The words “spiritual practice” can conjure up obscure rituals, ancient languages, and near-impossible discipline–not exactly the first association we have with dating. But dating and relationships can actually provide us with powerful opportunities for spiritual practice.
For example: S. just called me in desperation. She’d gone on three great dates with a guy she likes. He seemed to like her too, but he hadn’t called back since they kissed for the first time a couple days ago. Should she call him and ask him out, or assume he’s not interested?
This sounds like a modern problem, and in many ways it is–but it’s also an ancient one. S. is dealing with fundamental spiritual issues: The problem of finding a partner, the relationship between self and other, and the question of where body and spirit intersect. So old and deep is the mystery and challenge of finding a partner that the rabbis of the Talmud wrote that it was as difficult for God to split the Red Sea as to find soulmates for people.
It’s fitting that the rabbis compared matchmaking to parting the sea, because there is an element of miracle and exodus in finding the right partner. To date is to enter a pilgrimage to the unknown–we leave our comfortable, established relationships and head into unfamiliar territory.
Out of Control
Of course, dating involves other people. And once other people are involved, we’re never completely in control. We can control who we ask out, what we say when someone else asks us out, and what we do on a date–but we can’t control how well a date goes, whether someone likes us, or whether we’re attracted to someone.

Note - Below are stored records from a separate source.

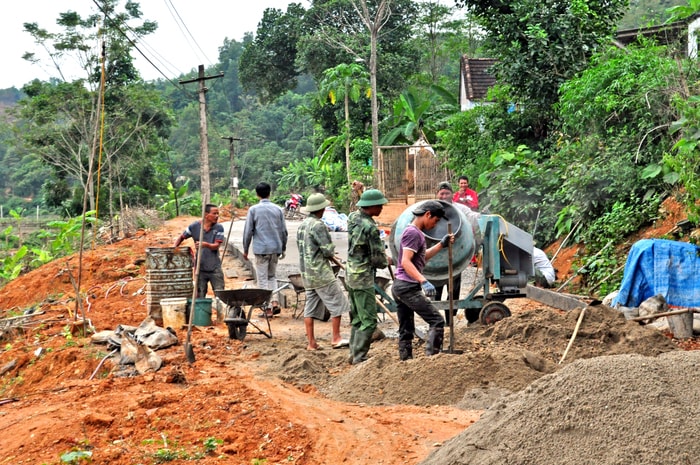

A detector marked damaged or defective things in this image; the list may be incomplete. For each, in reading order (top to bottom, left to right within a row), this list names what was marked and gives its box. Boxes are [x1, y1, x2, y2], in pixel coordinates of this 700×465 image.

rusty oil drum [146, 246, 194, 322]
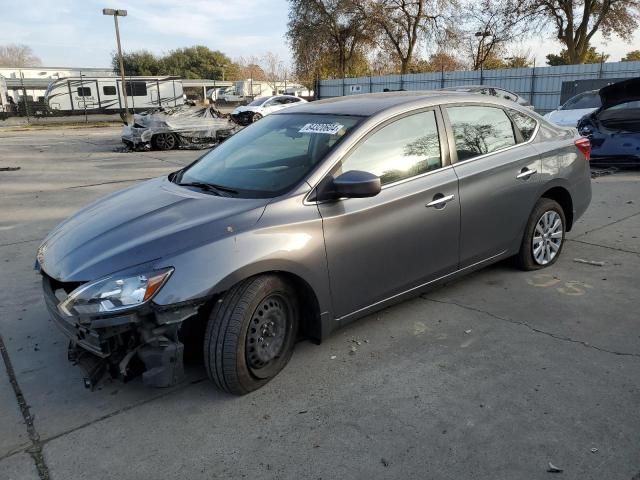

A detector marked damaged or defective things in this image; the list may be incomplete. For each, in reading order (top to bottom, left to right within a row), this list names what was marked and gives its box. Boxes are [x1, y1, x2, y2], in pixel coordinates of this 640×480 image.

exposed front wheel [152, 133, 178, 150]
broken headlight housing [57, 268, 171, 316]
damaged front end [41, 270, 205, 390]
exposed front wheel [204, 274, 298, 394]
silver damaged car [37, 92, 592, 396]
exposed front wheel [516, 196, 568, 270]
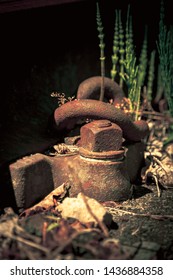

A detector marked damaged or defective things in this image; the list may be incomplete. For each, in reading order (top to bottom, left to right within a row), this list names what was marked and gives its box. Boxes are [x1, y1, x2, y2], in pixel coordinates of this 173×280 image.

corroded bolt [80, 118, 122, 152]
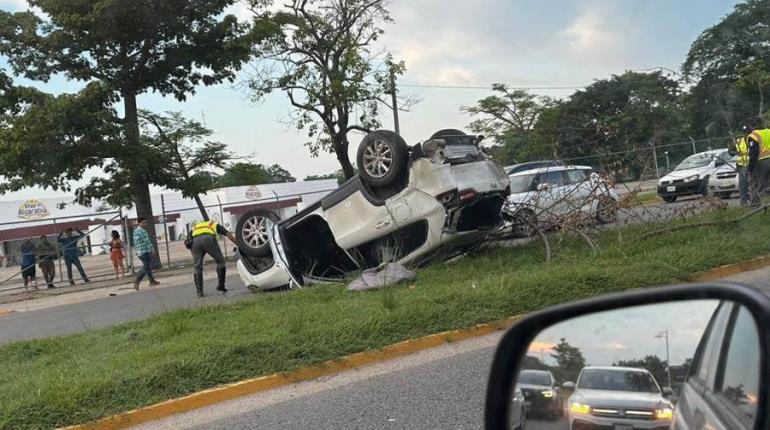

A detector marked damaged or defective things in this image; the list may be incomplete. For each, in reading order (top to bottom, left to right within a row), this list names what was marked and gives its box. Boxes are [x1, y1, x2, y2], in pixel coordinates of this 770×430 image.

overturned white car [234, 129, 510, 290]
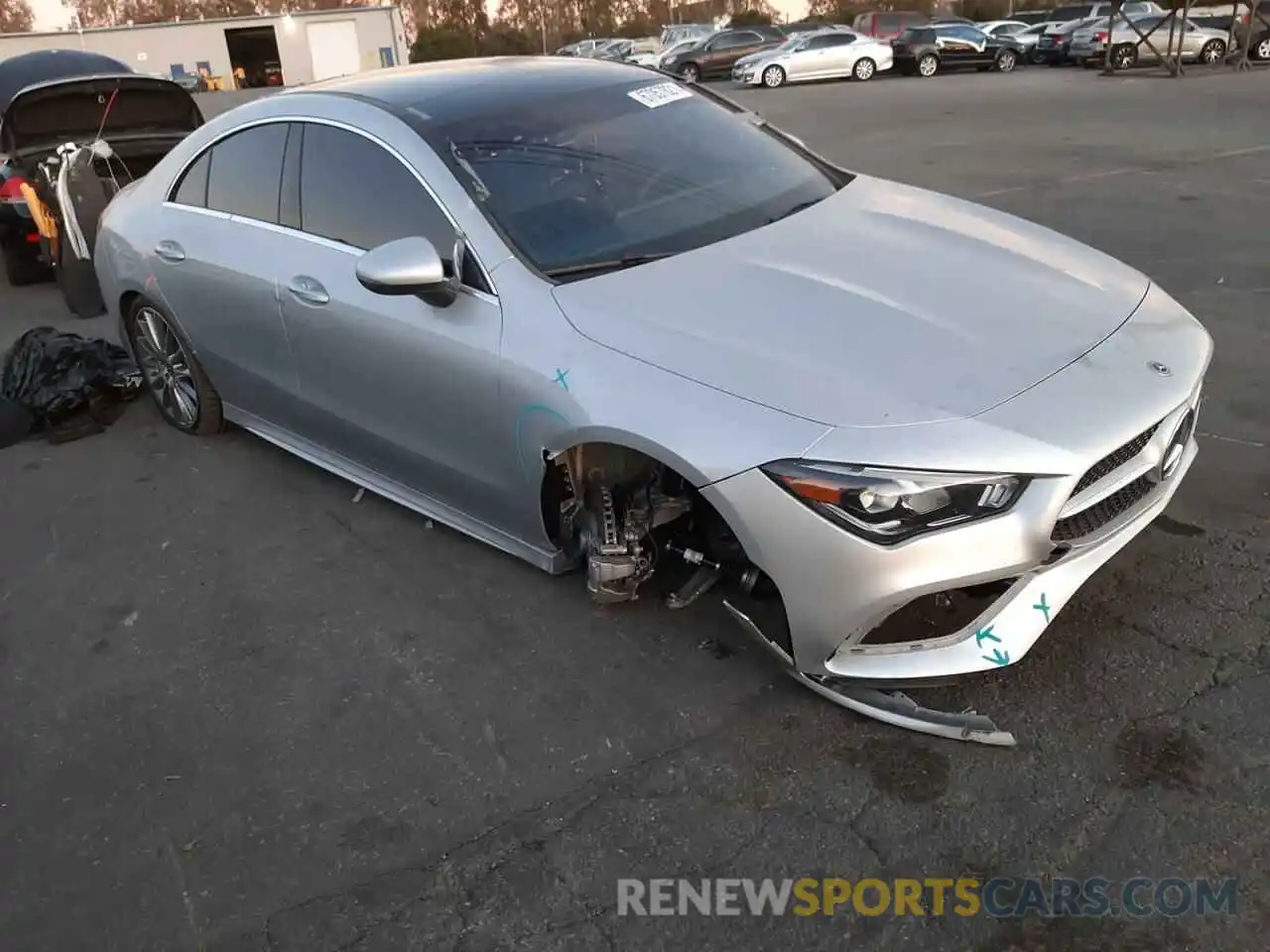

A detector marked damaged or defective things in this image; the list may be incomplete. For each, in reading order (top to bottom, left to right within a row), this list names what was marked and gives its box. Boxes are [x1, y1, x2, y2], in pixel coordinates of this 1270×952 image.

rusty metal structure [1096, 0, 1264, 76]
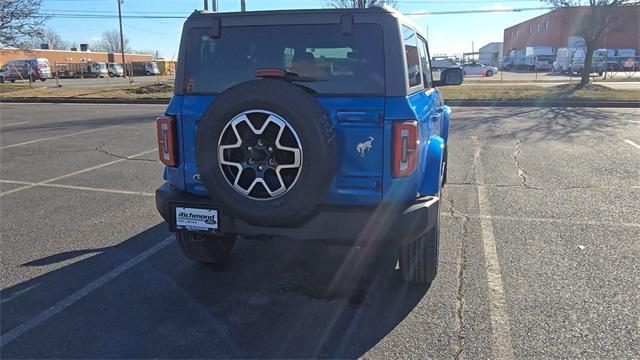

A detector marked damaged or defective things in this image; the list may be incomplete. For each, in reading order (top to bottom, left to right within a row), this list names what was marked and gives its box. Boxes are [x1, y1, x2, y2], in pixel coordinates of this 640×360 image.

crack in pavement [492, 122, 532, 188]
crack in pavement [450, 195, 470, 360]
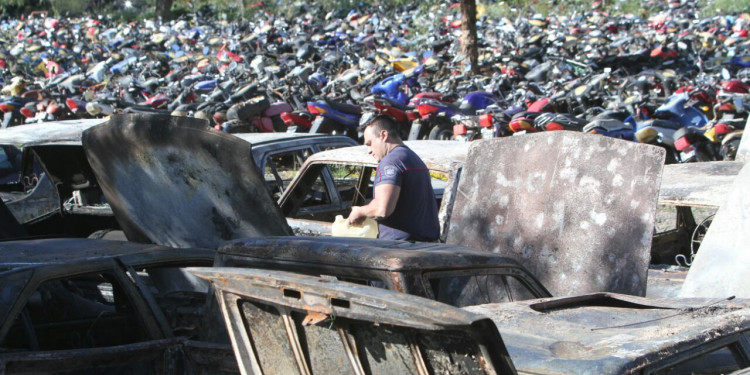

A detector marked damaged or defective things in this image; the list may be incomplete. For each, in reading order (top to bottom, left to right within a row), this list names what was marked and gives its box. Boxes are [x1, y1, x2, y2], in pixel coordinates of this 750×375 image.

rusted car hood [82, 114, 292, 250]
burned car [0, 239, 236, 374]
wrecked vehicle [0, 239, 238, 374]
wrecked vehicle [214, 236, 548, 306]
wrecked vehicle [192, 268, 750, 375]
burned car [192, 268, 750, 375]
rusted car hood [464, 296, 750, 374]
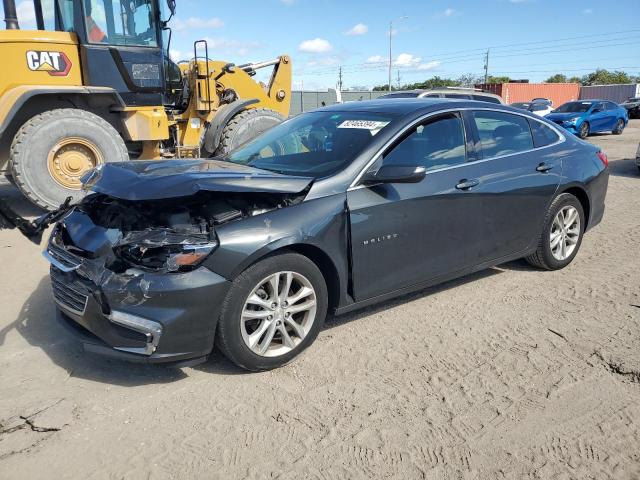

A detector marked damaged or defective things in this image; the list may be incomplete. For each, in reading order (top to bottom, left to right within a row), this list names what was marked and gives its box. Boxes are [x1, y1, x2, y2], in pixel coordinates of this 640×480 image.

damaged front grille [50, 266, 90, 316]
front bumper damage [45, 227, 231, 366]
damaged gray sedan [0, 99, 608, 372]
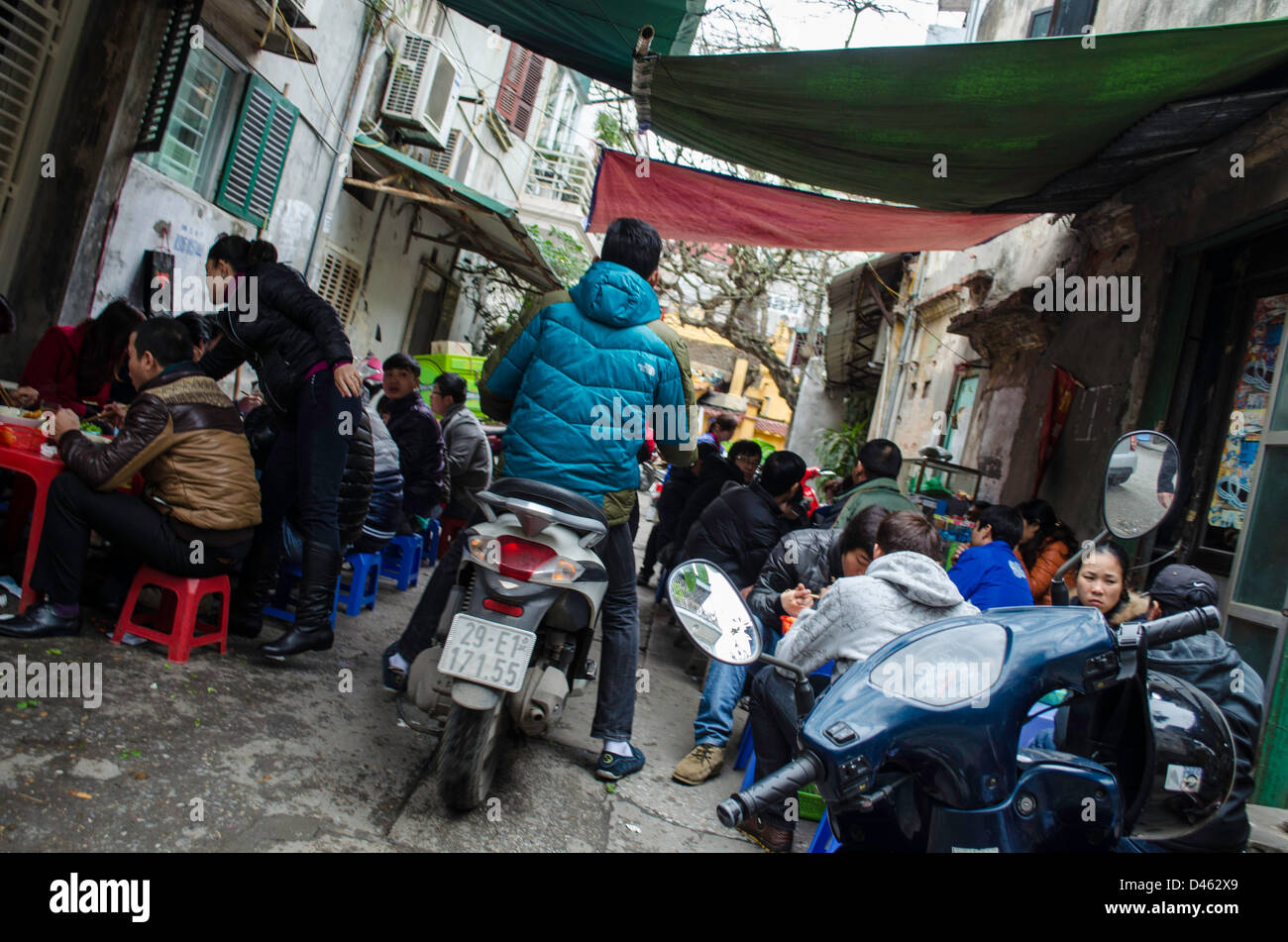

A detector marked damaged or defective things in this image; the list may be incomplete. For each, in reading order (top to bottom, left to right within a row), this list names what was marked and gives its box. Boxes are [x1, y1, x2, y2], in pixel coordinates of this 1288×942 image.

cracked pavement [0, 504, 824, 859]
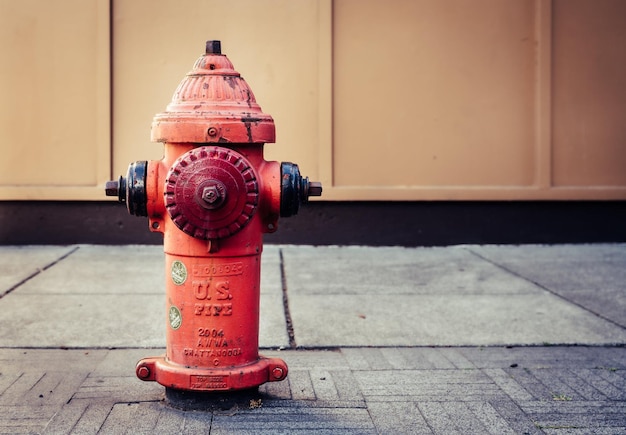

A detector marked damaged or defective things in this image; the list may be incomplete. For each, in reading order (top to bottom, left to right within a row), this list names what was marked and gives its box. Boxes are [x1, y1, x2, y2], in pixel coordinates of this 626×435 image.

sidewalk crack [0, 247, 80, 302]
sidewalk crack [278, 250, 298, 350]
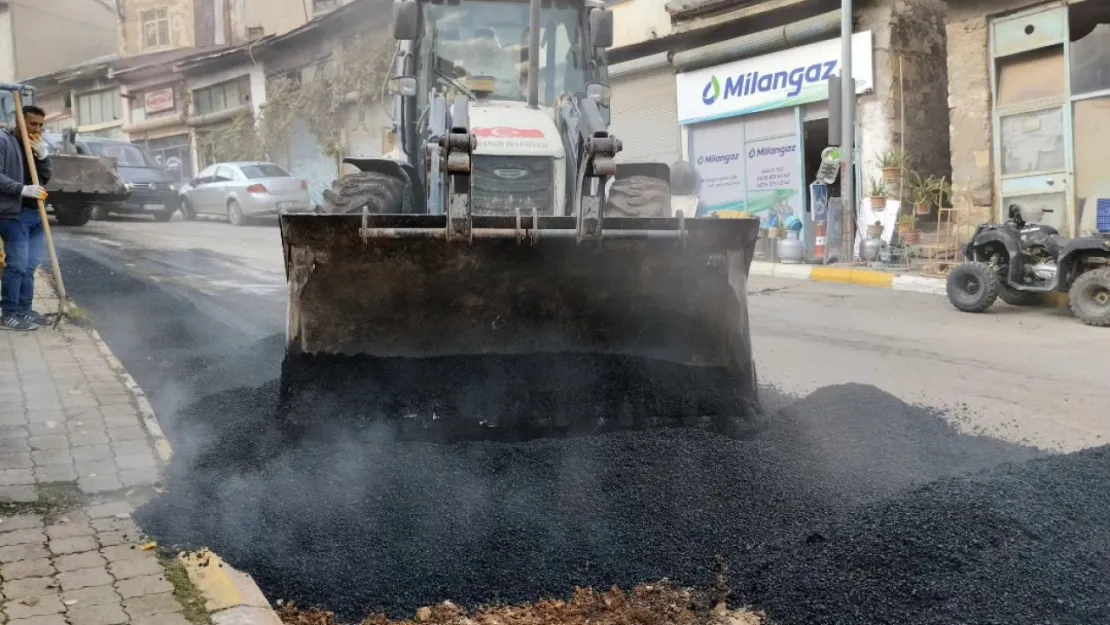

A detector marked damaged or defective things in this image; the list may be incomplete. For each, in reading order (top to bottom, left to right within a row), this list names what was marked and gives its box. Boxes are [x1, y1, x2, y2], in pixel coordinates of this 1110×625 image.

asphalt patch [132, 380, 1040, 620]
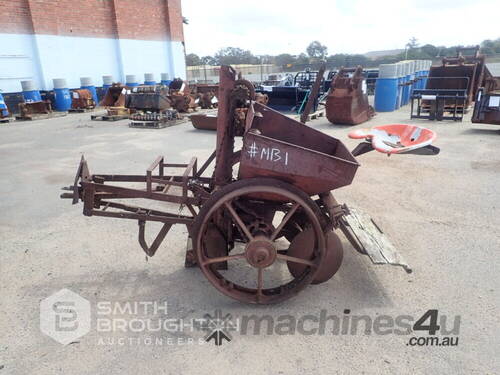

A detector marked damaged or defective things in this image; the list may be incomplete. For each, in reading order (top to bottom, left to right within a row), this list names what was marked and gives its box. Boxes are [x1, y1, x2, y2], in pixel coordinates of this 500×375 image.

rusty iron wheel [193, 178, 326, 304]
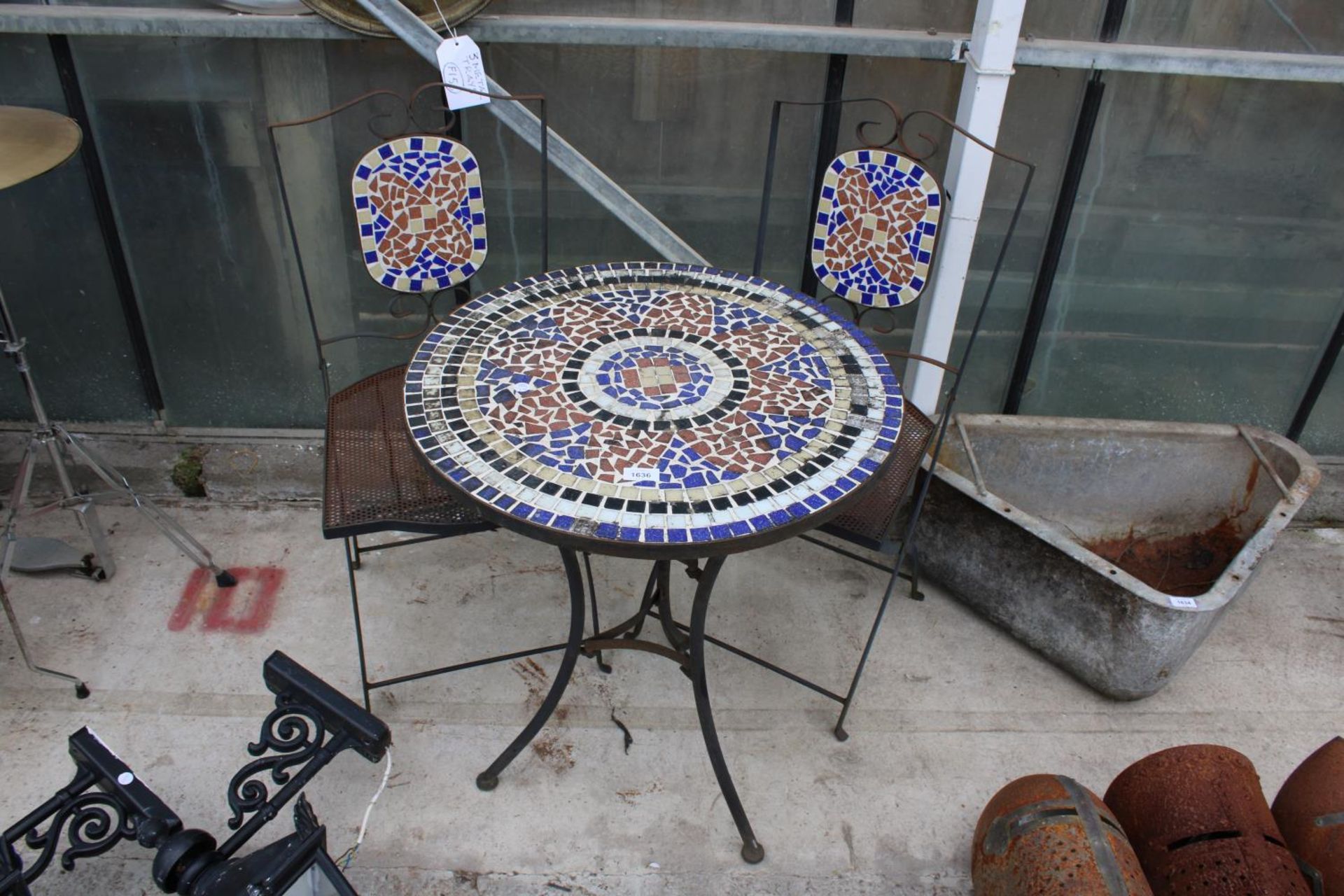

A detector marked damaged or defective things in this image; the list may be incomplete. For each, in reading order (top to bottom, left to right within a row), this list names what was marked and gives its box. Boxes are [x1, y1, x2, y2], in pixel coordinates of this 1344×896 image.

rusted perforated metal object [322, 365, 497, 540]
brown rusted chair frame [266, 85, 610, 714]
rusted perforated metal object [817, 402, 935, 550]
brown rusted chair frame [752, 99, 1032, 741]
rusted metal cylinder [973, 774, 1150, 892]
rusted perforated metal object [973, 774, 1150, 892]
rusty patch on trough [973, 774, 1150, 892]
rusted perforated metal object [1102, 741, 1311, 896]
rusted metal cylinder [1102, 741, 1311, 896]
rusty patch on trough [1102, 741, 1311, 896]
rusted perforated metal object [1274, 736, 1338, 892]
rusty patch on trough [1268, 736, 1344, 892]
rusted metal cylinder [1274, 741, 1338, 892]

Lack of control is terrifying, but it is one of the great spiritual teachers. As long as we are alive, no matter how hard we try to control the specifics of our lives, change will happen–in our bodies, our families, our jobs, our world–and it will often surprise us.
Living with Uncertainty
A good deal of Jewish spiritual practice has to do with acknowledging this lack of control while creating structures to help us navigate it as individuals and as a community. For example, every morning observant Jews give thanks for having their souls returned to them, a nod to the fact that it’s never absolutely certain we’ll awaken from a deep sleep.